Momento

Introducing valkey-lab: Stop Guessing When Your Cache Hits Its Limit

Khawaja Shams — Tue, 26 May 2026 20:14:51 GMT

Pop quiz: how many requests per second can your cache take before it stops meeting your latency SLO?

Chances are good you don’t know the answer, and that’s not a knock on you. It’s a genuinely hard number to come by. The standard tool for this is valkey-benchmark, and it’s great at exactly one thing: you point it at a server, you hammer it with some commands at full speed, and it prints a throughput number at the end. That number tells you the box is alive and roughly how fast it goes flat out.

From a production standpoint, that’s not as useful as it sounds.

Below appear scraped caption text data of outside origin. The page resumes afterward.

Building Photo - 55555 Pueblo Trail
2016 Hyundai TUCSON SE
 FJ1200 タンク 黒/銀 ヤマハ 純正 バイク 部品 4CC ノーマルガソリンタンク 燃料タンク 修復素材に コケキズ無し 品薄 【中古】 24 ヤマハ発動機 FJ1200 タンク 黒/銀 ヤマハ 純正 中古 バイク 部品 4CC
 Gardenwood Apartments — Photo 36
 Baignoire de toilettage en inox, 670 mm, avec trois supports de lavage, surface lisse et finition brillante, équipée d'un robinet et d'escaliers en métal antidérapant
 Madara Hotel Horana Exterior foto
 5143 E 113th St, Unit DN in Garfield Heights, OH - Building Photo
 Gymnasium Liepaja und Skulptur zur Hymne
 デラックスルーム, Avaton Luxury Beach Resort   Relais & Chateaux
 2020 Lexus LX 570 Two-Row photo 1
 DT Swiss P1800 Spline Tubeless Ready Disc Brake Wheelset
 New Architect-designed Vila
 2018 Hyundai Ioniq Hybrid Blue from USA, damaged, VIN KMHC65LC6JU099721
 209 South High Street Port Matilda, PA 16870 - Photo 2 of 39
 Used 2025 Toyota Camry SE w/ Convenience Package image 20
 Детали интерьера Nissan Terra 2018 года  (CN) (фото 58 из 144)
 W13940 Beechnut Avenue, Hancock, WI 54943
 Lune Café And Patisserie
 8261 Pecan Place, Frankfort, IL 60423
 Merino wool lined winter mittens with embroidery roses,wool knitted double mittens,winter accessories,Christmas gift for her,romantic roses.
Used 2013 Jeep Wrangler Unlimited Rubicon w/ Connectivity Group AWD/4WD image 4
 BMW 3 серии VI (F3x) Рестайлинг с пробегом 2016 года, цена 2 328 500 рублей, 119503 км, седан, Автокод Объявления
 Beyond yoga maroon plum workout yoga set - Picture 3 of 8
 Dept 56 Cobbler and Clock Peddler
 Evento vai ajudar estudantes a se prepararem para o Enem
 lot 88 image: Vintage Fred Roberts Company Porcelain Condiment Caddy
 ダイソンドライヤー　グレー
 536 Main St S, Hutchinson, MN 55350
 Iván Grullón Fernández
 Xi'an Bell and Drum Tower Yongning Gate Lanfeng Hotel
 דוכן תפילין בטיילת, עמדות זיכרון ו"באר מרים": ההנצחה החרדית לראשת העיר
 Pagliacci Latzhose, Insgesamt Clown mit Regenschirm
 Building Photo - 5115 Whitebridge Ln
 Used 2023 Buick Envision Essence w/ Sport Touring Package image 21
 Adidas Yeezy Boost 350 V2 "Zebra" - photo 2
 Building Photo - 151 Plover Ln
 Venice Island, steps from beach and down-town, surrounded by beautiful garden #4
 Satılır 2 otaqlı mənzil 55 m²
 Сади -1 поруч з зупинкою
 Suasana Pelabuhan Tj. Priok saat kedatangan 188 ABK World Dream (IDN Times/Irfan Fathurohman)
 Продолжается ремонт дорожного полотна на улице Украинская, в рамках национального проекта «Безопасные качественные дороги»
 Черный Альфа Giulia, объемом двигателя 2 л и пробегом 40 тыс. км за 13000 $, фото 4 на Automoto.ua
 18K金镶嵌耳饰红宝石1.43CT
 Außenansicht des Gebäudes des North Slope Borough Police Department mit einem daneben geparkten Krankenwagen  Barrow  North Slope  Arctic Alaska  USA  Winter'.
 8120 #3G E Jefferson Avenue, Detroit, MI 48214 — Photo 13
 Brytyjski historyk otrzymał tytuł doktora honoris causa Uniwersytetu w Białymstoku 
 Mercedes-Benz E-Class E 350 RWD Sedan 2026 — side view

How does the p999 hold up under an 80:20 read/write mix when half the requests land on hot keys? What does the tail look like at the rate you actually plan to run? How much headroom do you have before the SLO breaks? Was that latency spike at 10:32 a fluke or the ceiling? A single summary number printed after a sixty-second run can’t answer any of those, because it threw away the useful bits on the way to computing the average.

valkey-lab was built to answer these questions.

It’s a high-performance Valkey and Redis benchmark that uses io_uring for kernel-bypassed I/O, per-connection pipelining, and multi-threaded workers. The defaults are deliberately familiar. Run it without any arguments:

📄

valkey-lab

and you get a sixty-second run against localhost:6379 with an 80:20 GET/SET ratio and a million keys. Same shape as the tool you already know, same short flags (-h, -p, -c, -P, -r). The interesting part starts once you begin asking harder questions.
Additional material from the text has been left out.